> [Your objective]: An exact copy of the data below is needed; please leave out any pictures.

> [Data extract]:

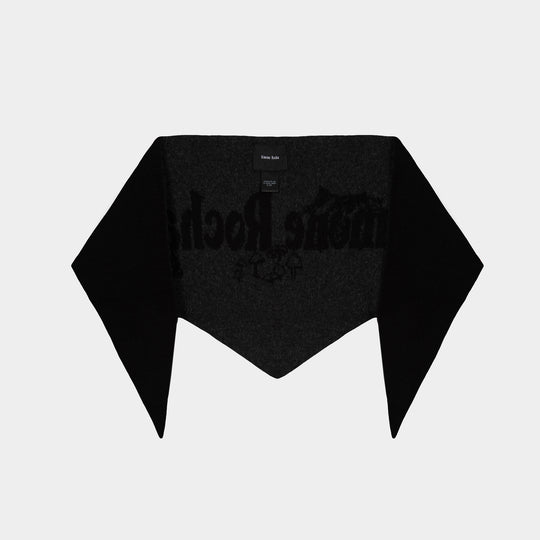 Écharpe Daisy - Simone Rocha - Laine - Noir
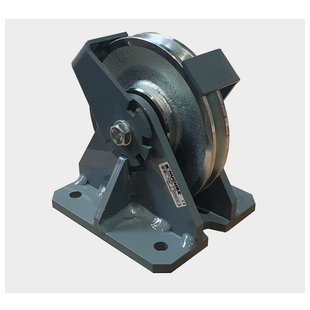 POULIE DE RENVOI FIXE AVEC CHAPES EN EQUERRE CABLE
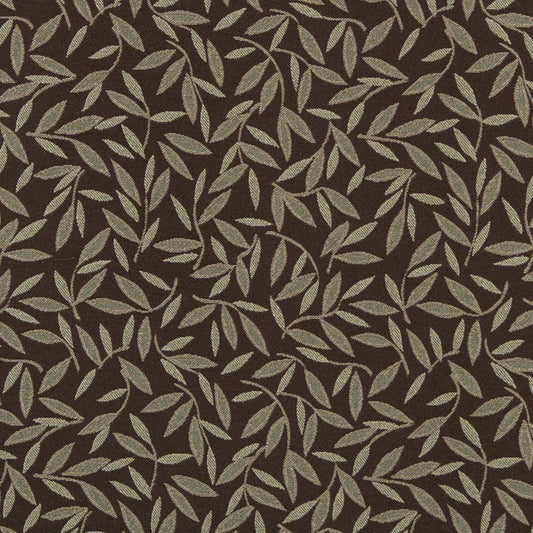 D3131 Leaves Wintermoss Brown,Green Charlotte Fabrics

> [Response]:
 Écharpe Daisy - Simone Rocha - Laine - Noir
 POULIE DE RENVOI FIXE AVEC CHAPES EN EQUERRE CABLE
 D3131 Leaves Wintermoss Brown,Green Charlotte Fabrics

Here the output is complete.